_Information provided:_

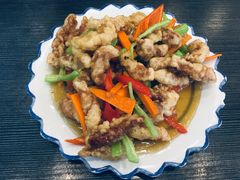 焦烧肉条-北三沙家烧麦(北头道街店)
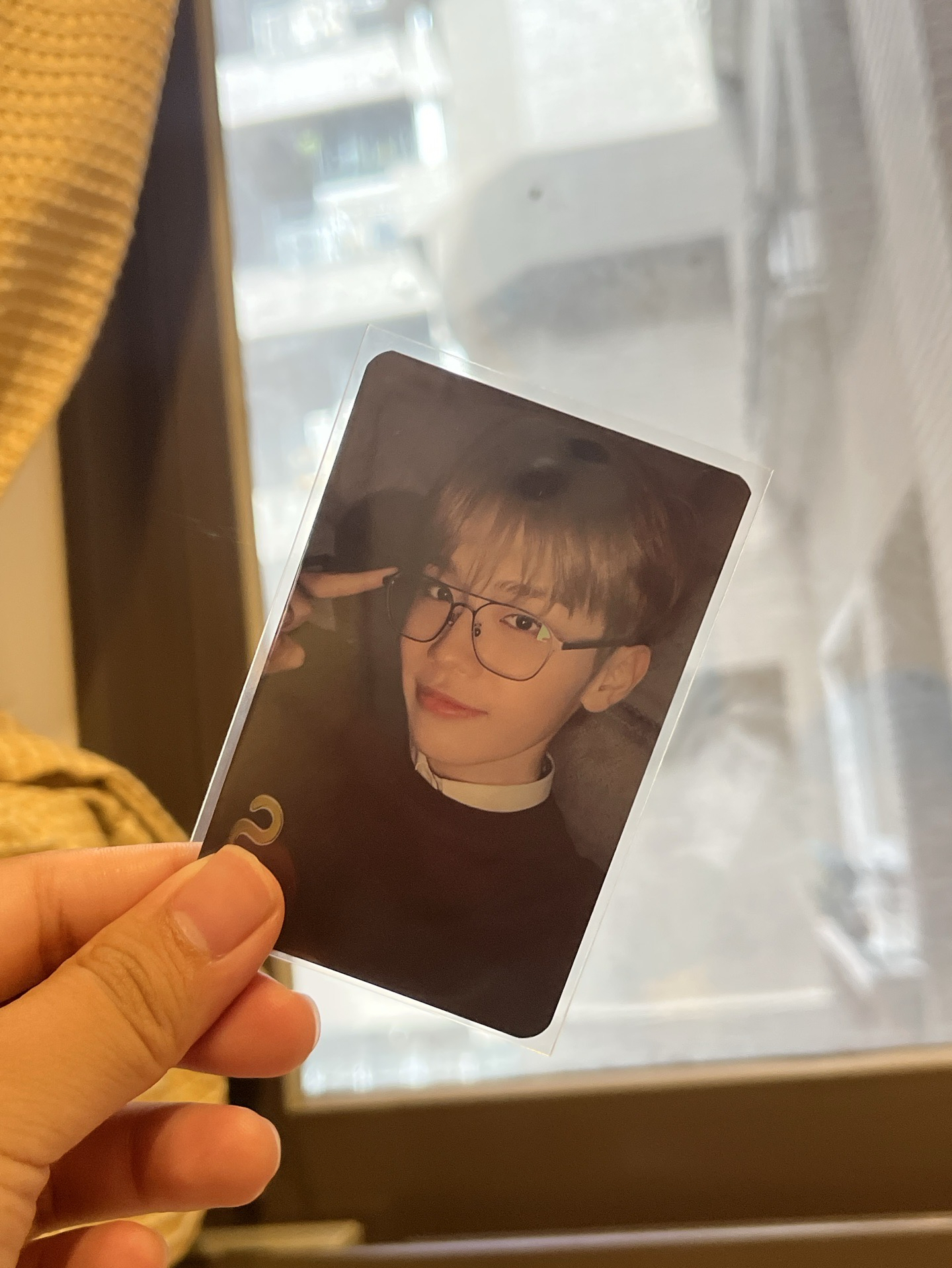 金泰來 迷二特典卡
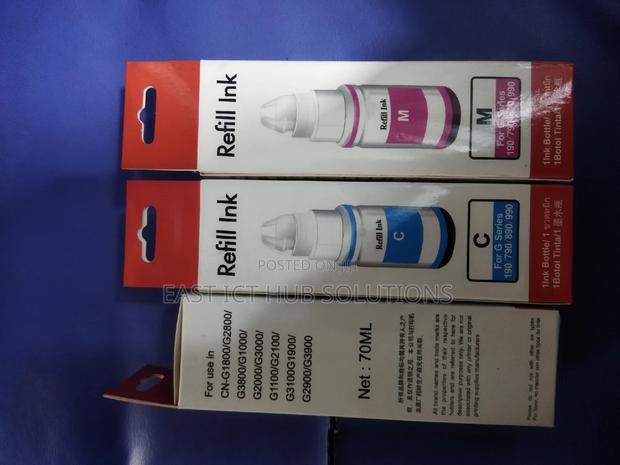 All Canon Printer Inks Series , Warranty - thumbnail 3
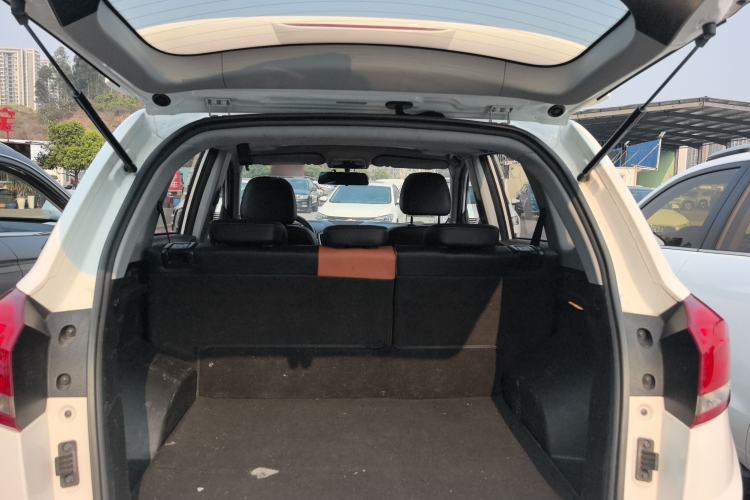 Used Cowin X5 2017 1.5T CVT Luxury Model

_Requirement:_ Could the data above be returned in full, exactly, with every image left out?

_The answer:_
 焦烧肉条-北三沙家烧麦(北头道街店)
 金泰來 迷二特典卡
 All Canon Printer Inks Series , Warranty - thumbnail 3
 Used Cowin X5 2017 1.5T CVT Luxury Model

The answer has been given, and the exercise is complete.